When the line was first approved, few could have envisaged the development of grain production after the 1940s in the area. It was mainly grazing country then. The Boggabilla line was authorised mainly to ensure that the output of graziers in the area went south through New South Wales ports rather than north, across the border, to Queensland.
The line involved only light earthworks, but did include a number of watercourses to be crossed. By mid-1928, clearing had been completed to the 23-mile point and work steadily continued until 1930 when due to a shortage of funds, work closed down for six months.
The line was eventually opened throughout on 20 June 1932
Upon opening, the train service comprised a twice weekly mixed train running from Moree to Boggabilla on Mondays and Fridays, returning the following day. From 24 February 1936, a weekly railmotor service was introduced. This was later increased to thrice weekly, Mondays, Wednesdays and Fridays. These railmotor services were daily return from Moree. Additionally, goods trains operated as well.

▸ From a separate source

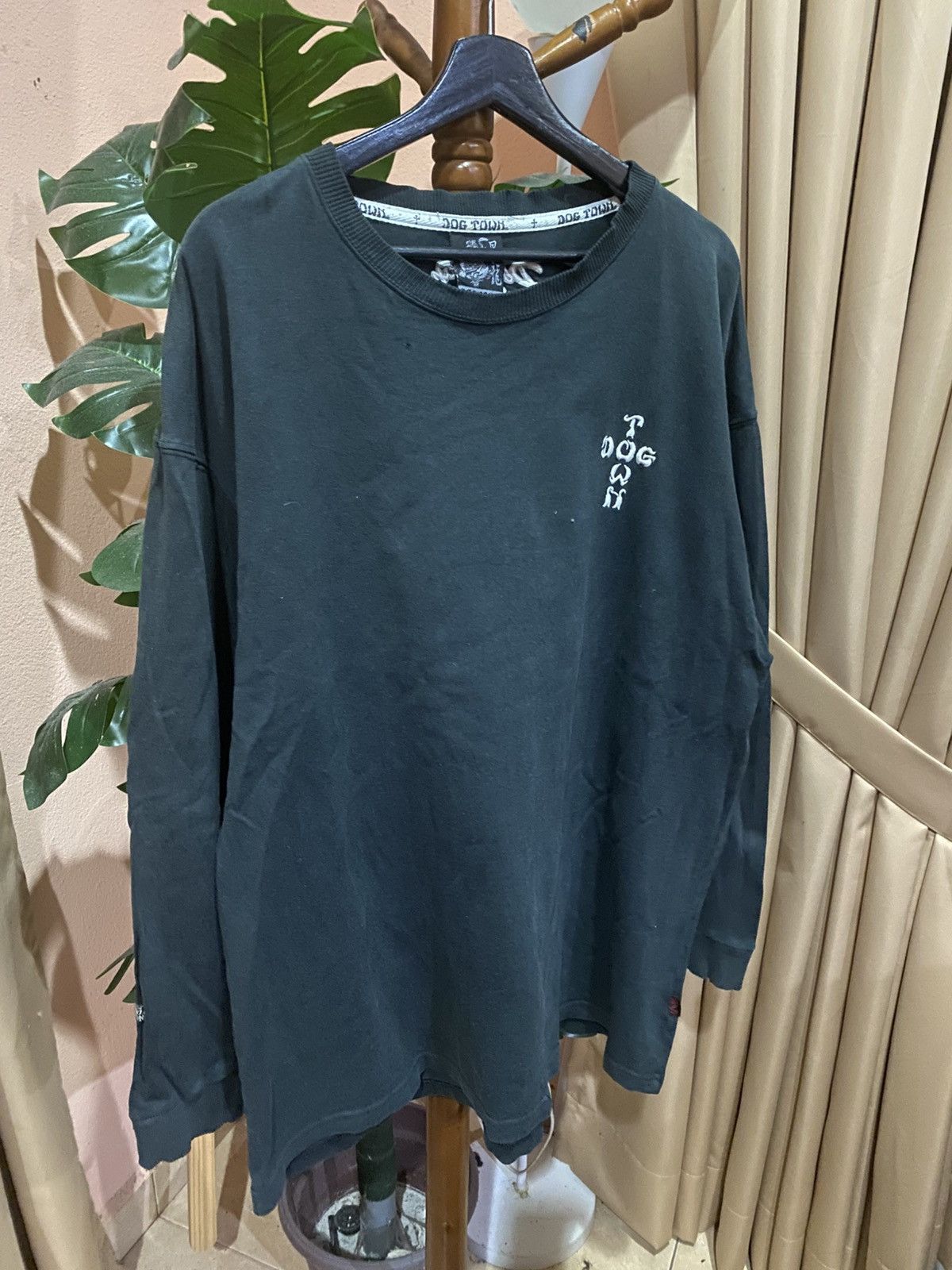 Dogtown Dogtown Black Dragon Cross Graphic Long Sleeve T-Shirt Size US XL / EU 56 / 4 - 7 Thumbnail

Bulk wheat storage at locations along the line first appeared in 1956 bringing additional traffic to the line. 48 class diesel locomotives first appeared in 1959, speeding up the movement of grain and other freight.
Passenger services came to an abrupt halt on 3 August 1974, when the railmotor service was cancelled in the name of the then current fuel crisis. Goods services also diminished at this time, being replaced by road trucks working out of Moree.
By 1978, rail services were largely worked on a seasonal basis, hauling wheat, and an occasional train to Boggabilla to collect sleepers milled locally.
Since the 1970s, the lines radiating out of Moree have been basically on a seasonal basis only, serving the needs of the grain producers. The Stationmaster at Boggabilla was withdrawn in 1979. In 1987, the line was truncated at North Star and grain was road trucked to the silos there and at Crooble. The last train to run to Boggabilla was on 23 November 1987.